• **Input data**
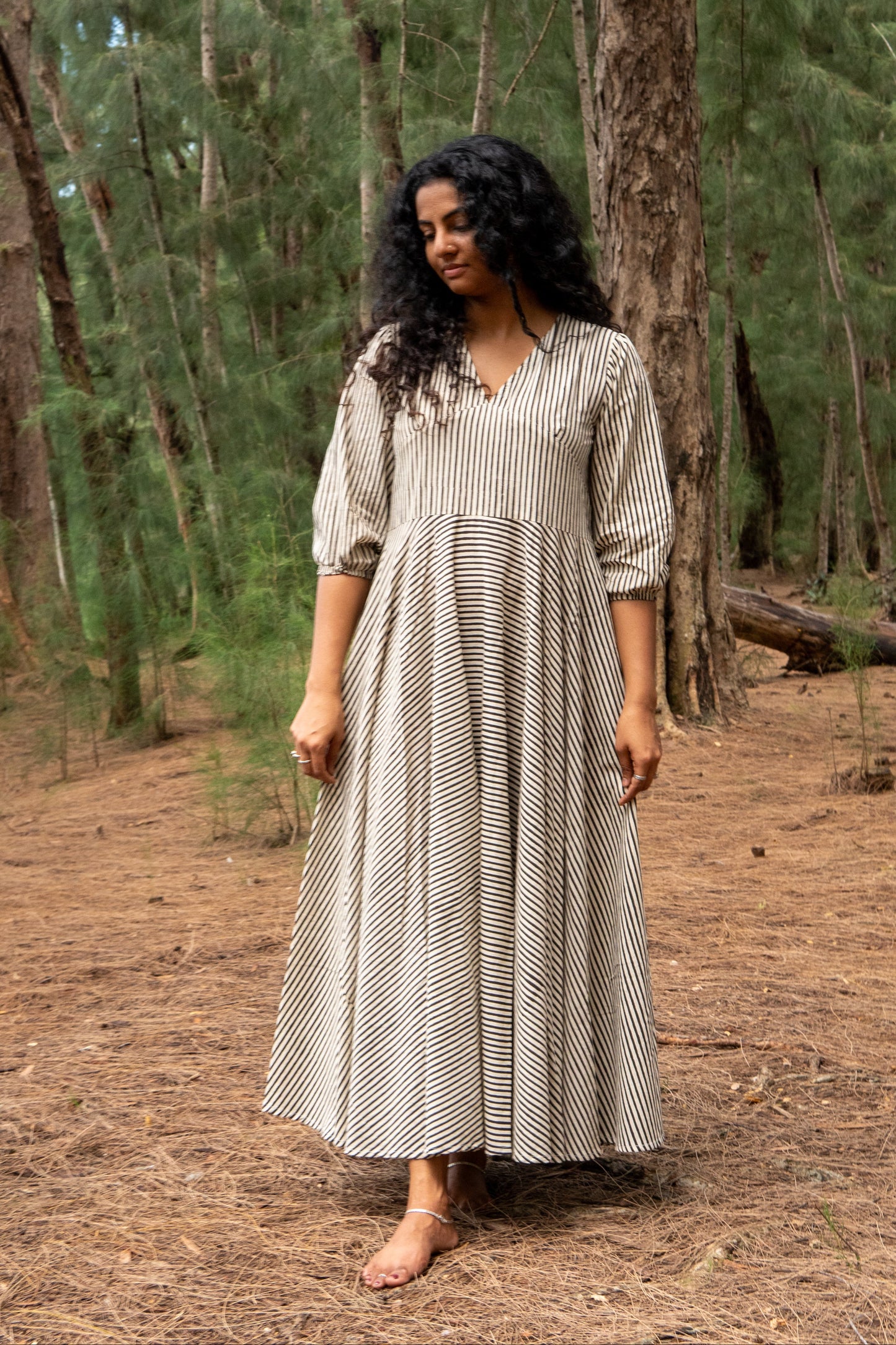 Woman in a long, patterned dress standing in a forest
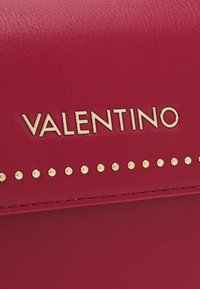 Červená kožená kabelka s pozlaceným logem "VALENTINO" a hřebíčky podél okraje. Hladký povrch s precizními detaily šití.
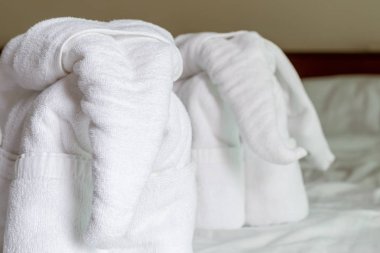 Beyaz bir fil figürü bir yatakta Asya'nın otel odasında bir tebrik beyaz beyaz yapılmış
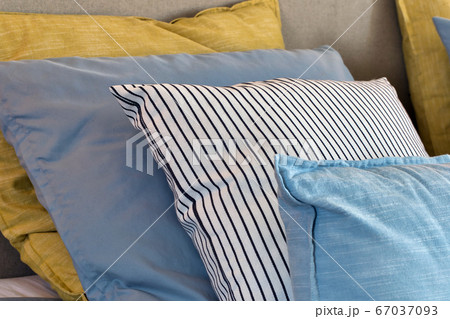 Closeup of Yellow and light blue pillows in a row on the bed, modern retro decoration for home, pastel light colors colorful bright 67037093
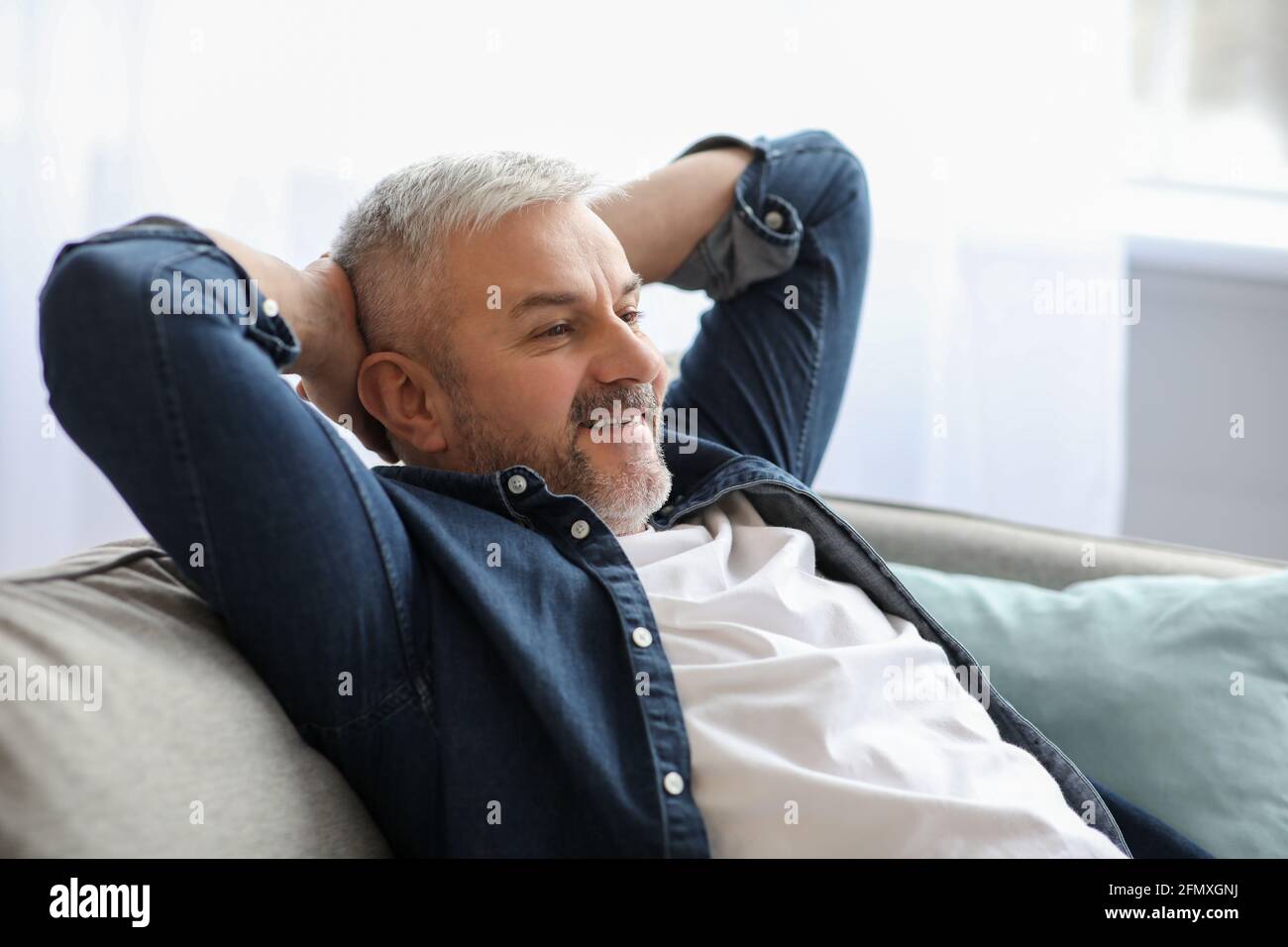 Bearded senior man sitting on hi-res stock photography and images - Alamy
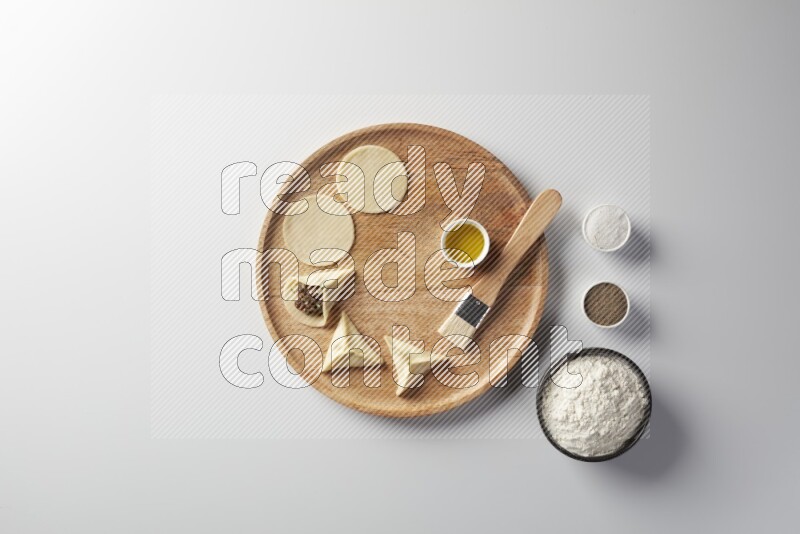 two closed sambosas and one open sambosa filled with meat while flour, salt, black pepper and oil with oil brush aside in a wooden dish on a white background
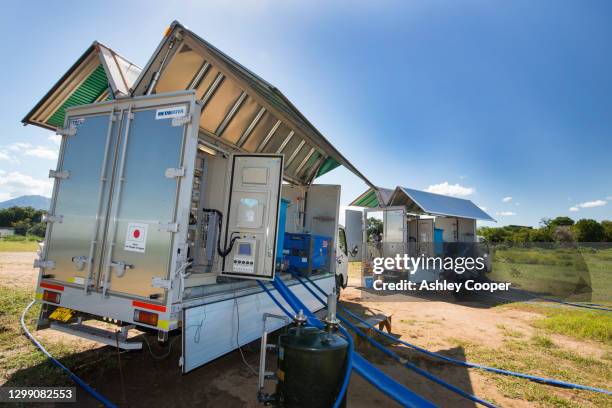 a specialist solar powered water purification truck that takes water straight from the river and purifies it to drinking standards. shire river, malawi. - displaced persons camp stock pictures, royalty-free photos & images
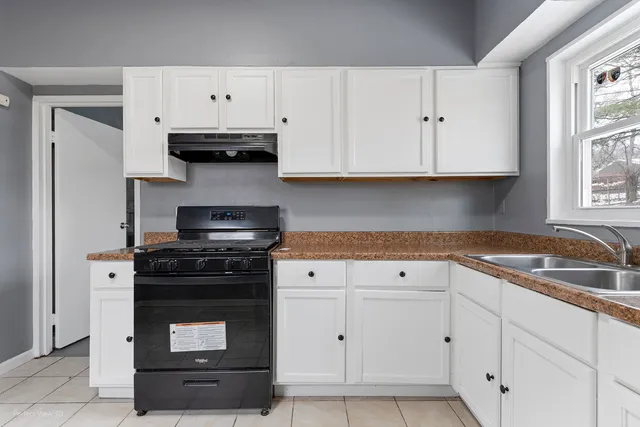 a kitchen with stainless steel appliances granite countertop a sink and a stove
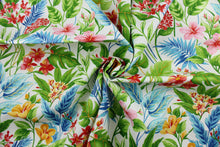 Load image into Gallery viewer, The Richloom Solarium© Cavena in Multi fabric combines a bright, tropical floral print in red, pink, blue, green, and yellow on a white background, resulting in a versatile fabric that&#39;s perfect for any project.  Its vibrant colors will bring a bold aesthetic to any space.  This fabric is U/V fade and water/stain resistant.  Perfect for porches, patios and pool side.  Uses include toss pillows, cushions, upholstery, tote bags and more. 
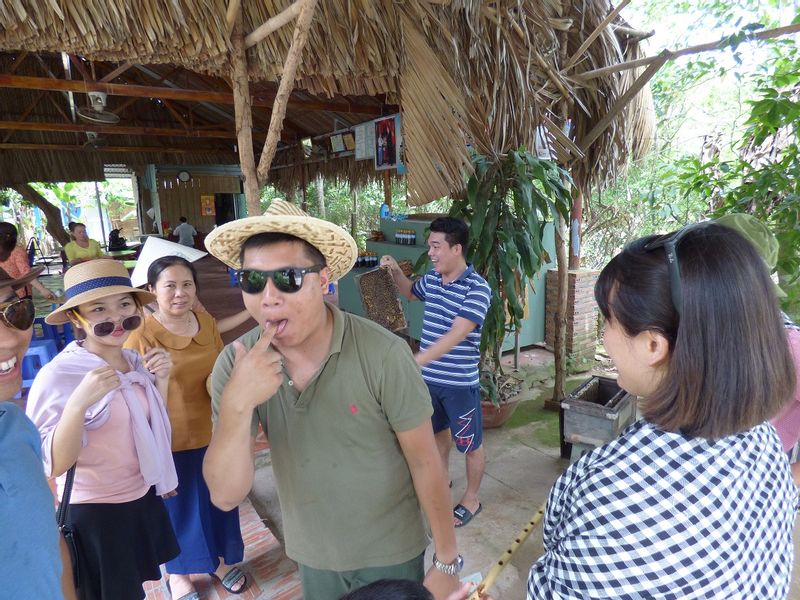 Ho Chi Minh Private Tour - tasting honey and coconut candy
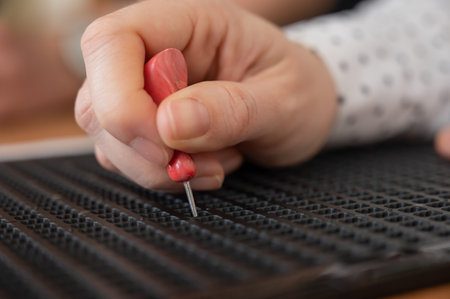 A woman uses a special stencil and stylus to write a letter in braille.の写真素材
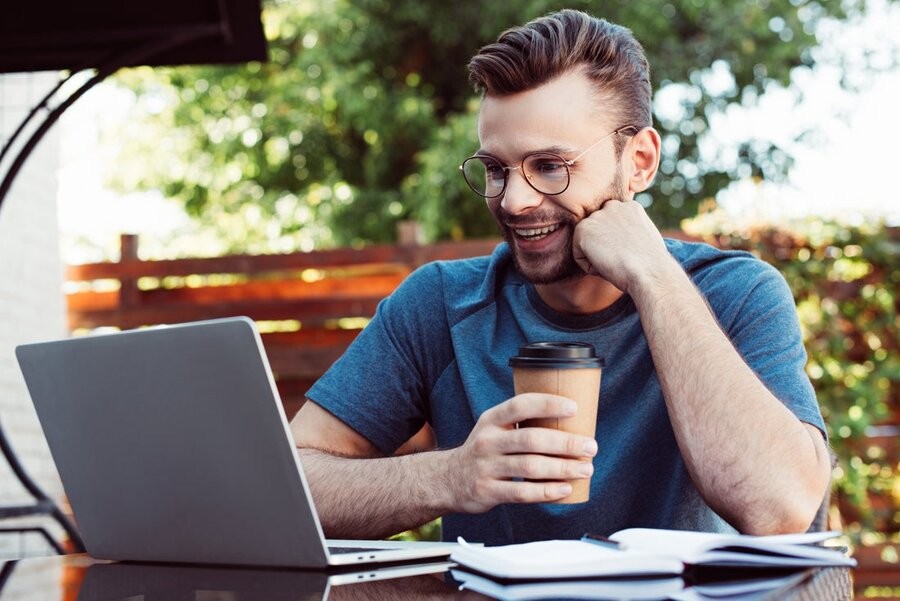 A man outside in a patio area on his laptop at a table while holding a coffee.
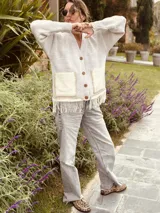 Cardigan de punto color beige con escote en V, cierre frontal con botones, bolsillos delanteros aplicados y detalle de flecos en el ruedo.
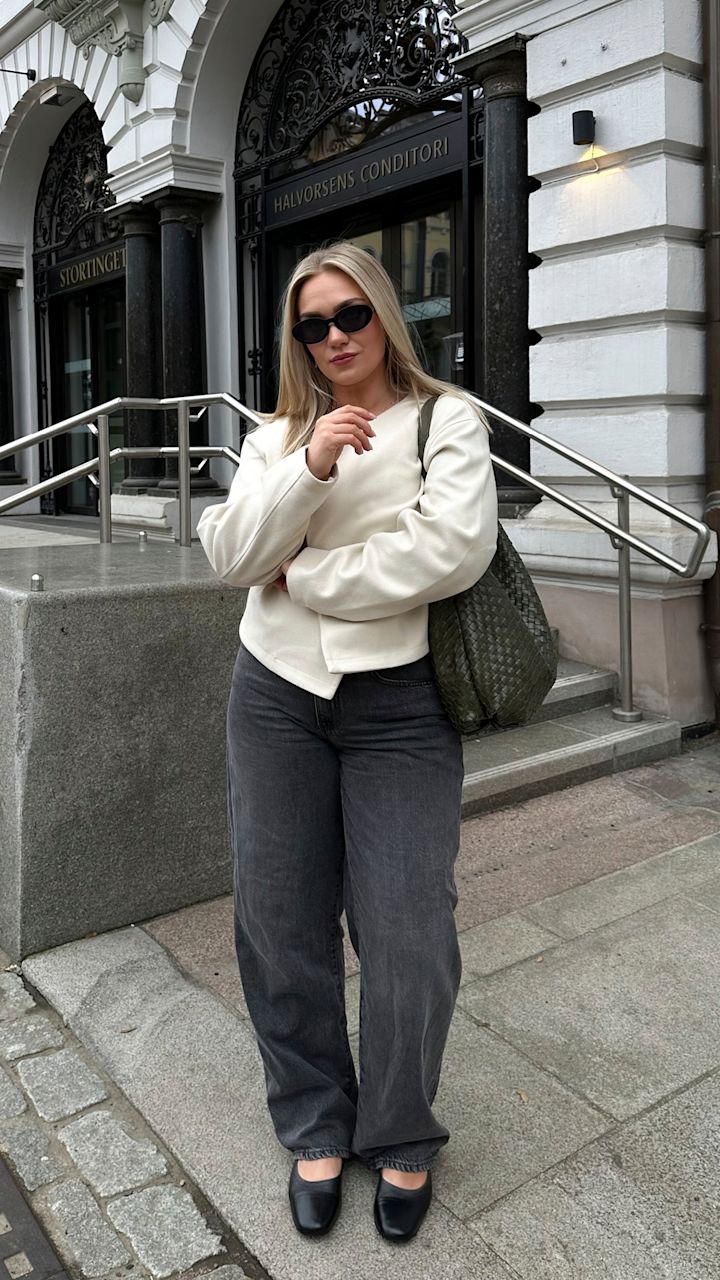 Kvinne med solbriller, hvit genser, grå bukser og svart veske står foran inngang med skiltet "Halvorsens Conditori" i bymiljø.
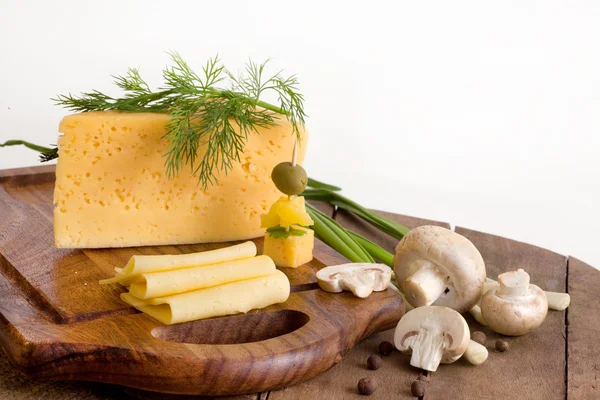 Sýr, zelenina a houby na dřevěné desce — Stock fotografie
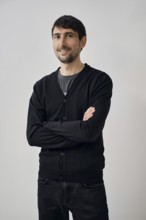 A man is posing confidently with arms crossed, wearing a black cardigan over a gray shirt. He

• **Problem requirements**
Your copy should hold only the lines from the line with "Kvinne med solbriller, hvit" through the end of the data above, both ends included, transcribed exactly and without pictures.

• **Written response**
 Kvinne med solbriller, hvit genser, grå bukser og svart veske står foran inngang med skiltet "Halvorsens Conditori" i bymiljø.
 Sýr, zelenina a houby na dřevěné desce — Stock fotografie
 A man is posing confidently with arms crossed, wearing a black cardigan over a gray shirt. He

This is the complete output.